It begins with accidental friendship between an actor practising her lines at a theatre in Shanghai and a grieving teenager whose father has just died, but who shows a natural gift for directing when she gets pulled into rehearsals. Lan Ping (Gabby Wong) and Li Lin (Millicent Wong), begin working together in the theatre and sharing a home. We follow their trajectory of friendship and betrayals, refracted through seismic events in 20th-century Chinese history.
Playwright Amy Ng is also a historian and bases her drama on the “untold true story” of these women, who rise in power and position in communist China. Lan Ping goes from revolutionary actor, who talks of destroying the strictures of patriarchy, to become Chairman Mao’s wife and the architect of the Cultural Revolution. Meanwhile, Li Lin, the daughter of a communist martyr who is later adopted by Mao’s number two, becomes China’s foremost theatre director.

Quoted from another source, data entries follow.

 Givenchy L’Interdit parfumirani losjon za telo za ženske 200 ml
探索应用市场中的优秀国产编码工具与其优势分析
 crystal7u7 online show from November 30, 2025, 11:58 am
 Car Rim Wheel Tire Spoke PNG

In their early friendship, they pledge never to betray each other but do just that when political ideology, power and ambition gets in the way. The play traces their moving positions toward art, the party and how to survive in it as a woman.

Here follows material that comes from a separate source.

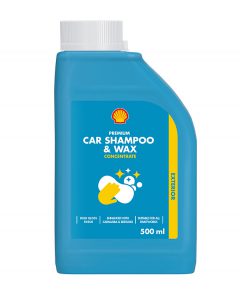 Shell Premium Car Shampoo & Wax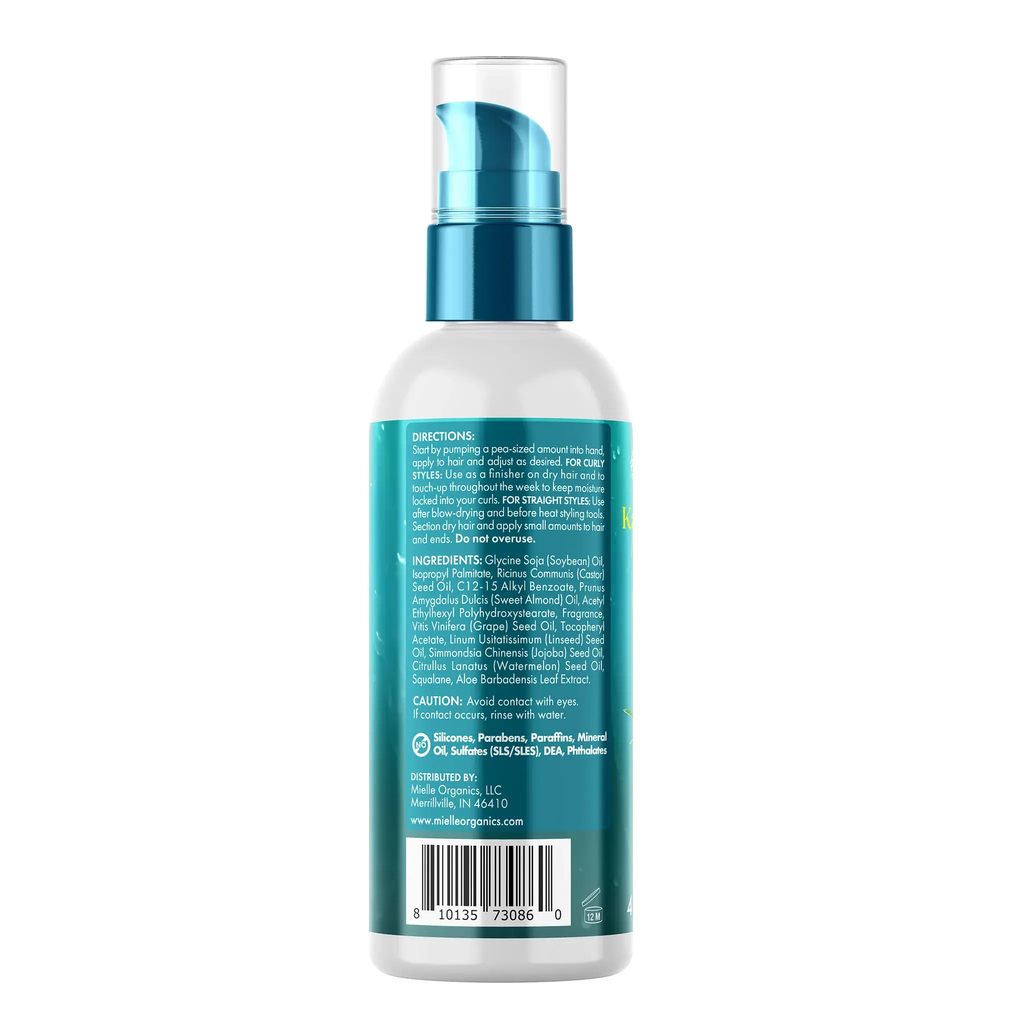 MIELLE Kalahari Melon & Aloe Vera Deep Hydration Weightless Oil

Under the direction of Katie Posner, this is as much an ideas play as a drama of a fateful female friendship. Debate dominates with talk of creative independence for artists and whether the Communist party can bring freedom for women or stifle their progress. Lan Ping thinks the latter, and is later politically silenced. Li Lin’s position of absolute faith in the party changes too. Both women have powerful male patrons whom they need to survive, and there is an ongoing discussion around Ibsen’s Nora. In the early scenes especially, they seem like mouthpieces for their political positions and this hampers emotion or intimacy from building.

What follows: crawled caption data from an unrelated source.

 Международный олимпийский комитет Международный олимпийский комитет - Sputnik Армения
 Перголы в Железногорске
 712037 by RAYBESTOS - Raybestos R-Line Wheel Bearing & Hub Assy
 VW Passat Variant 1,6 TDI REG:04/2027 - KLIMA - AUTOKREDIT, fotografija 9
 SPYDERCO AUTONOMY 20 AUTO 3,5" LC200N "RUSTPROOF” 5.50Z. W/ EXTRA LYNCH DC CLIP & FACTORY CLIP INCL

There is a lot of history to digest too; the plot streaks across almost 60 years in 80 minutes. We go from civil war between the Chinese Communist party and the nationalists in the 1930s to wars with Japan, the establishment of the People’s Republic of China, famine and Cultural Revolution. Sometimes it leaves you behind in its welter of names and events. There are jumps through time – the historical backdrop shifts with each scene and with it the women’s lives. It is not always immediately clear what has happened, how it has affected them or who they have become.
What helps to adrenalise the story and bring context is Jean Chan’s fluidly moving set and Akhila Krishnan’s video design, with projected illustrations and bursts of colour that bear the aesthetics of a graphic novel and bring visual drama. Nicola T Chang’s electronic music design adds to it, culminating in a spectacular blood red set-piece, with a blaze of sound, light and movement.
It ends with real-life footage of the women, which finally brings the emotion that has hitherto been missing. This is a handsome production and it is remarkable that Ng has unearthed the story of this friendship, but for all its colour it leaves emotional gaps.